Return each entry below exactly. Skip the images.

= Beginning of Section =

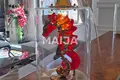 Appartement 1 chambre 49 m² Agios Theodoros, Chypre du Nord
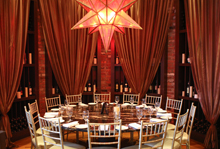 City Cellar Wine Bar & Grill — historical photograph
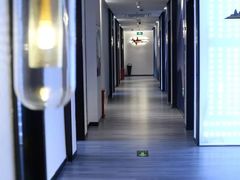 -艺境水疗生活空间(广场明珠店)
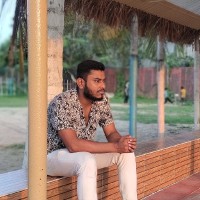 Zulfikar Torun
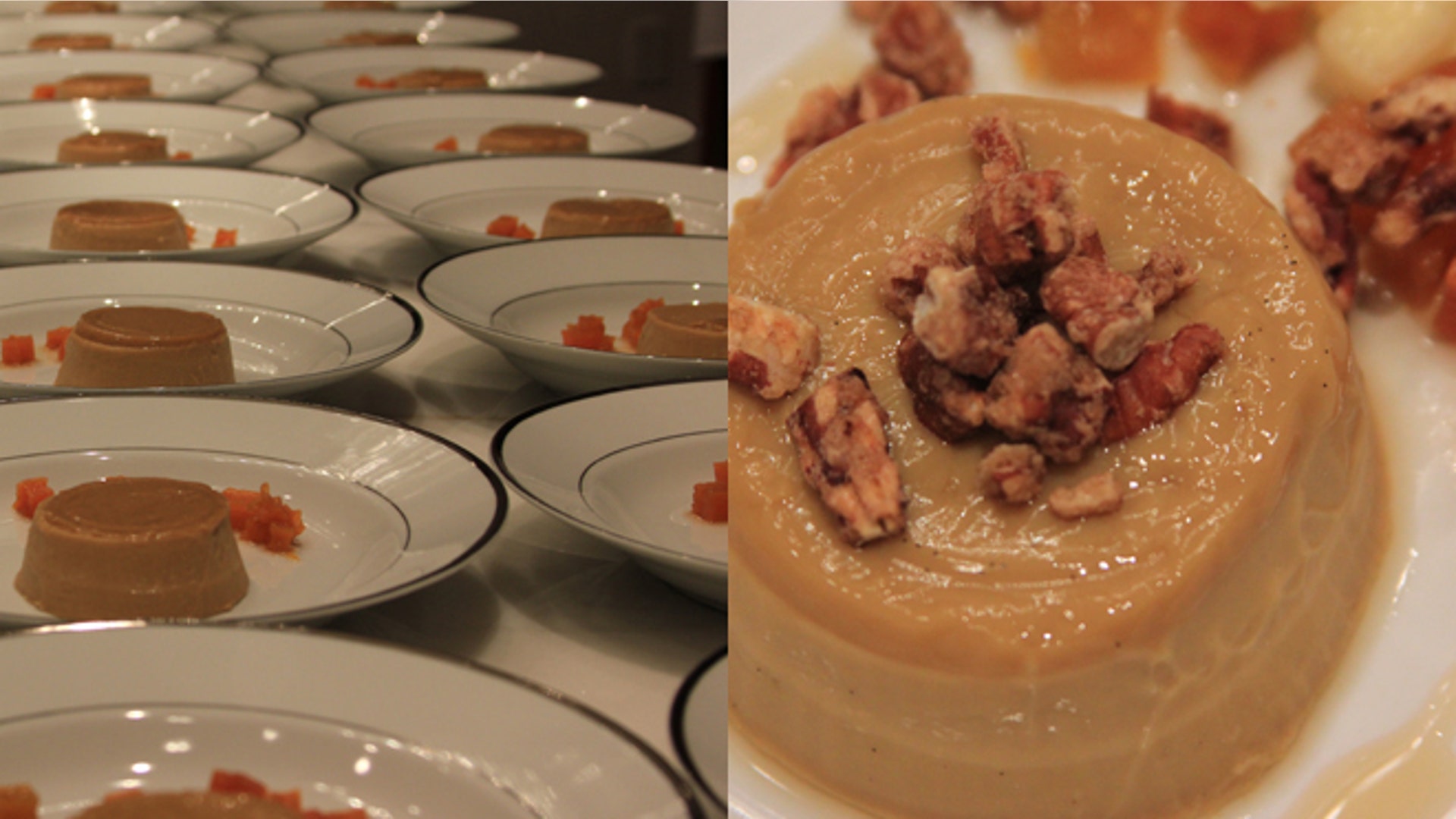 trythisevent_dessert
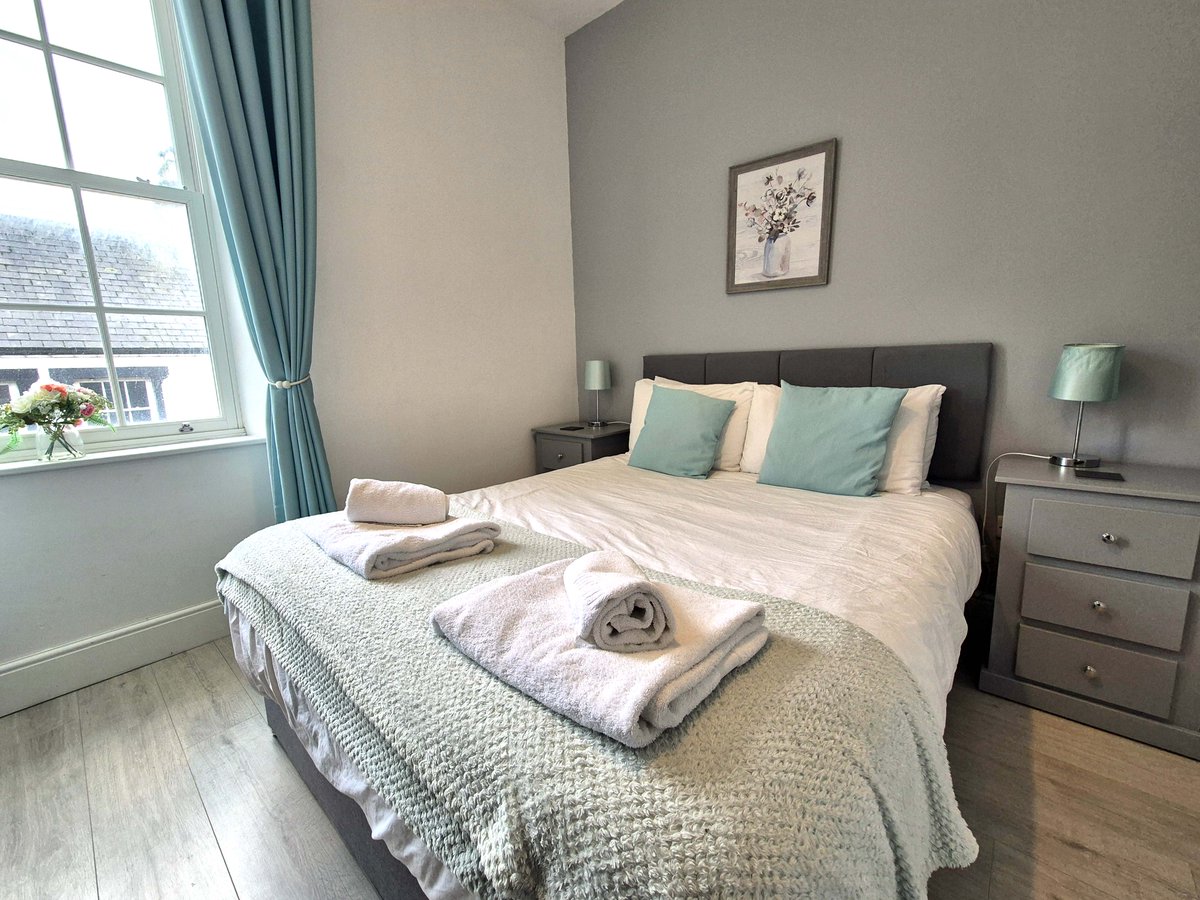 Sidney Phillips tweet media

= End of Section =

◆ **Answer section**
 Appartement 1 chambre 49 m² Agios Theodoros, Chypre du Nord
 City Cellar Wine Bar & Grill — historical photograph
 -艺境水疗生活空间(广场明珠店)
 Zulfikar Torun
 trythisevent_dessert
 Sidney Phillips tweet media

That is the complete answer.